Effect of chemical and thermal activation on the microstructural and mechanical properties of more sustainable UHPC

Abstract

This paper investigates the influence of the content of blast furnace slag (BFS) on the microstructural and mechanical properties of non-activated and activated ultra-high performance concrete (UHPC). Three volume-substitution rates of cement with BFS were explored (30% for UHPC2, 50% for UHPC3 and 80% for UHPC4) and two activation methods, chemical and thermal, were tested. Results show that with 30% of BFS, heterogeneous nucleation prevailed over dilution, accelerating the hydration reaction of cement and increasing the amount of C-S-H formed. C-S-H decreased the porosity of UHPC2 by 18% and 20% respectively at 3 and 90 days. The compressive strengths of UHPC1 (without BFS) and UHPC2 were very similar. For high BFS contents, the dilution effect prevailed and there was less portlandite, which decreased the amount of hydrated products, particularly at early age.

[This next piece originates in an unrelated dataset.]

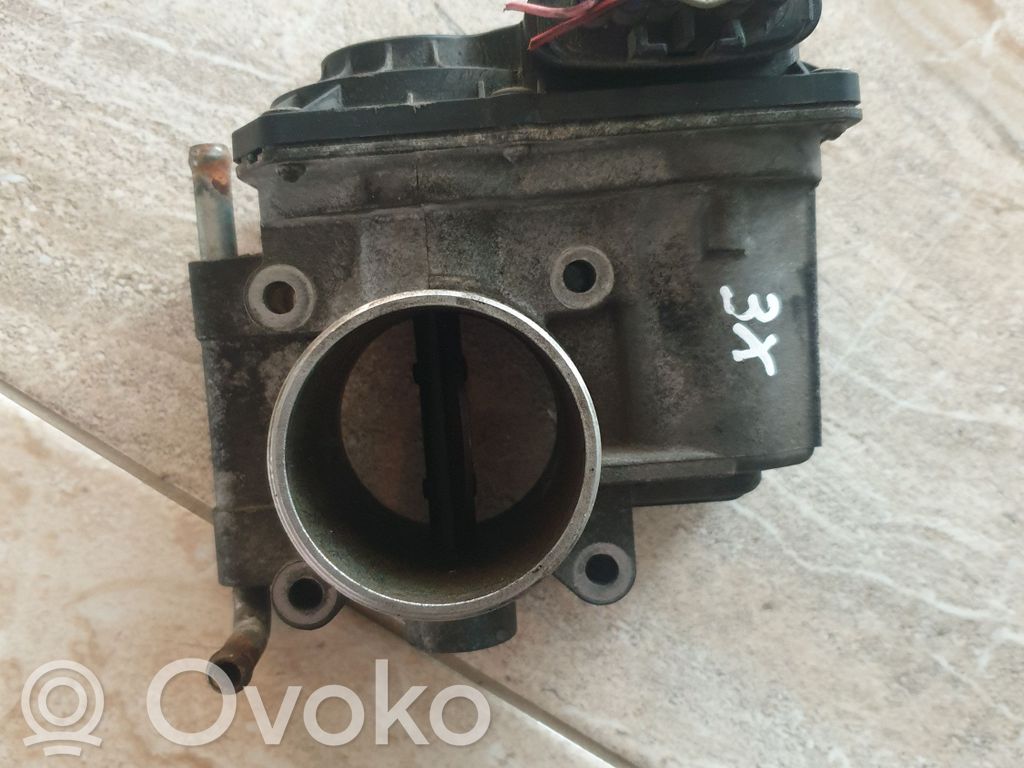 Throttle valve   RF7J136B0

As a result, the porosity of UHPC3 and UHPC4 was more than twofold higher than that of UHPC1.To boost the hydration reaction of blended UHPC with a high BFS content, KOH was added. The use of [KOH]3 significantly increased the amount of hydrated products, reducing the porosity of UHPC4 1.6-fold at 3 days and increasing its compressive strength by 42% at the same age. However, this activation mode was not enough to ensure the required compressive strength of UHPC1. Thermal activation at 90 °C for 2 days was therefore tested. Results showed the acceleration of the reaction of solid components, which increased the consumption of portlandite and hence the development of hydrated products. This resulted in improving the packing density of blended UHPC, decreasing its porosity and enhancing its compressive strength. In comparison with reference concrete at 90 days, the compressive strength of UHPC3-T increased by 7% and that of UHPC4 was 12.5% lower.